Many of these people are young – Millennial or Generation Z. Most of us in college right now are Gen Z, and people younger than even us are attempting to change the world. Realistically, one might wonder if they should even bother. Isn’t it just hopeless anyway?

But we know better. I see it every day of my life

Students on this very campus hold the door for me every single day. I’ve never met them, nor do I have any idea who they are. Yet they do it anyway out of the kindness of their hearts. Someone else knocks all of their papers off their desk onto the floor. People around them jump to help clean it up.

On a larger scale, young people are attempting to change our world in drastic ways. The climate change activism is practically lead by a 16 year old, Greta Thunberg, who has somehow convinced us all to join in with her and others to do what we can to fix this issue. 

Malala has made great strides in inspiring young people around the globe to support the education of young women in countries where access is limited. March For Our Lives is another huge movement led largely by high schoolers.

Clearly, we are not as complacent as everyone wants to believe we are. I’m tired of people constantly insisting that we are a bunch of “snowflakes” who freak out over everything. It’s just untrue. We speak out for what we believe in; we have hope that we can change the world.

Just because you don’t like what we have to say doesn’t mean you shouldn’t listen.

That’s not to say that we’re perfect, because we certainly aren’t. Some of us depend on our parents to help us do our taxes because our schools neglected to teach us how. Some of us burst into tears when faced with a rat in our house because we don’t know how to get it out.

One must wonder: if we can’t do these simple things, how can we possibly try to make the entire world a better place?

It’s quite simple: it wasn’t up to us what we learned in school. It wasn’t up to us what our parents taught us about “life.” We didn’t get to decide what we learned and when we learned it. A lot of us just had to work with whatever we were given.

And now that we’re getting older, we know that it’s time to make a change. We know that our voices are valuable. 

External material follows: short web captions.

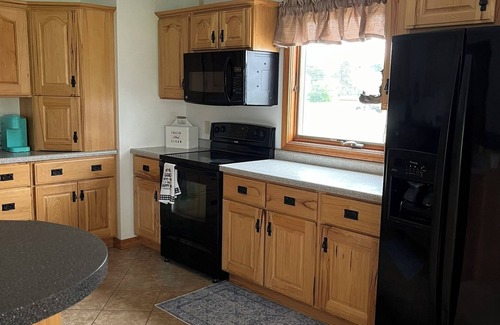Oshkosh Casa | Charming 3+ bdrm 3 bath house in Oshkosh on Sawyer Creek & Fox River near EAA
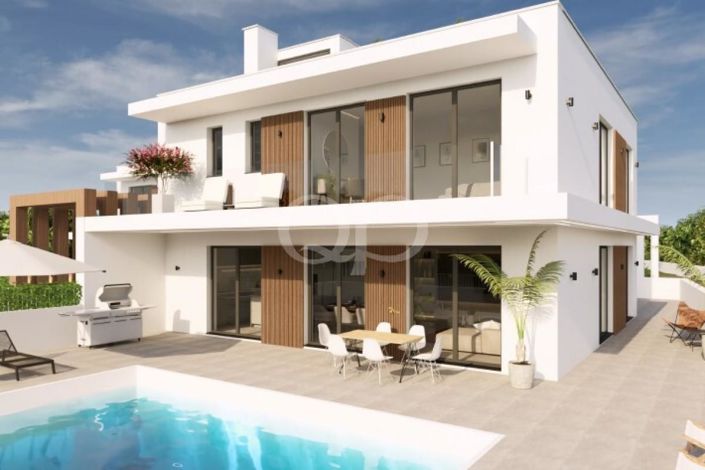 Image No.1-4 Bed House for sale
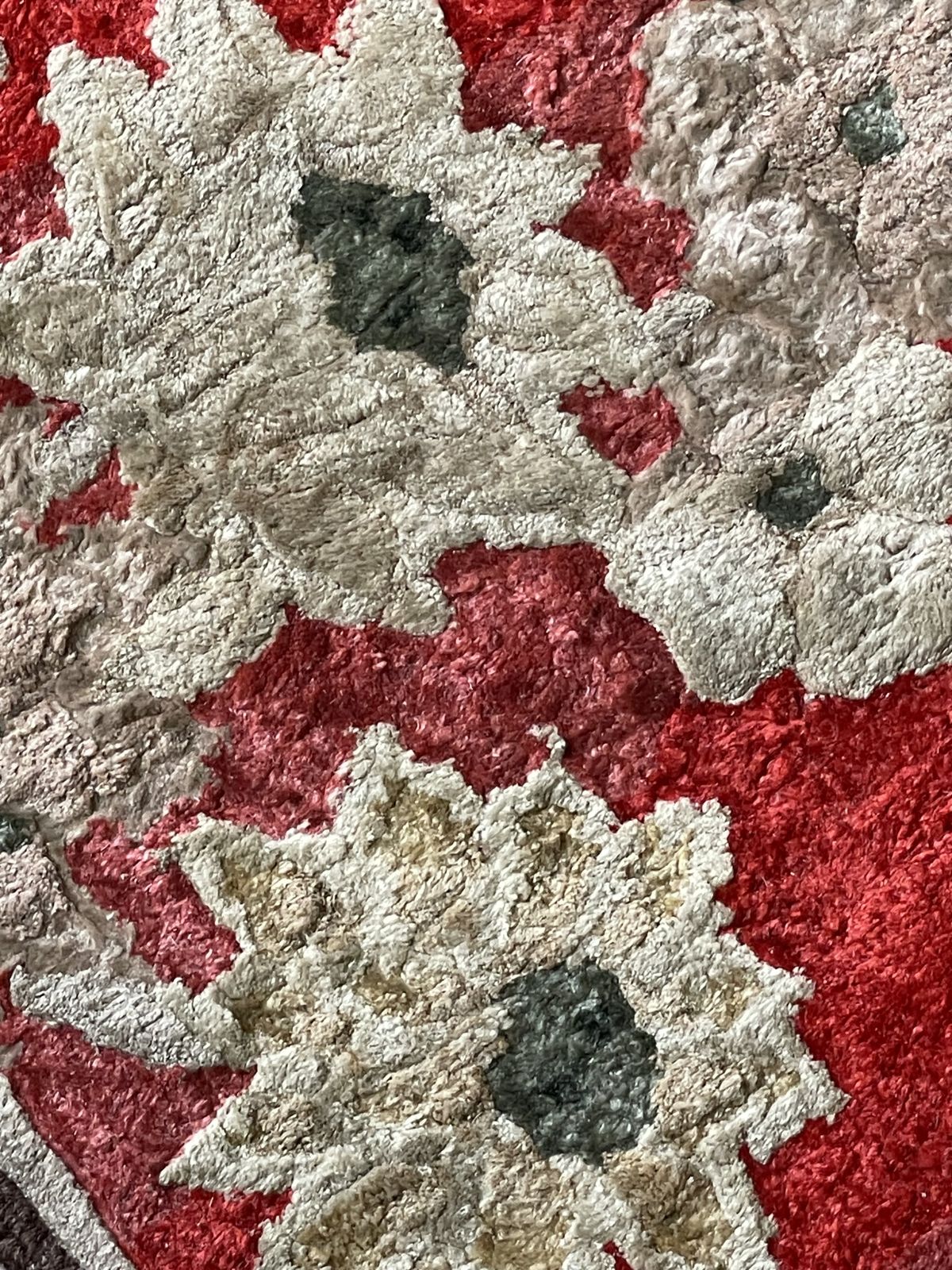 Small Chinese Silk Rug, In Very Good Condition, Mainly Red. photo furniture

Since we weren’t given a chance to learn these things or to grow up in a world where the older generations care about the environment or equal pay for all genders, for instance, we’re giving ourselves the opportunity.

What lies at the center of all of this is, of course, the most important thing of all: hope. I was reading Michelle Obama’s Becoming last month and there was a quote that Barack Obama sometimes used that he borrowed from a book he once read: “’Do we settle for the world as it is, or do we work for the world as it should be?’”

Young people embody this quote, no questions asked. We see what the world could and should be like, and we will settle for nothing less. We know that we have the capability to produce change, even if it’s only in small ways. Hope is the driving force behind our ideas.

It’s time to stop belittling young people for trying to change the world when we’ve barely been in it. Our voices are important and should never be silenced, whether we are trying to promote global change or just speak out about smaller concerns. 

Kristin is a junior English major and is the Assistant  Op/Ed Editor for The Voice.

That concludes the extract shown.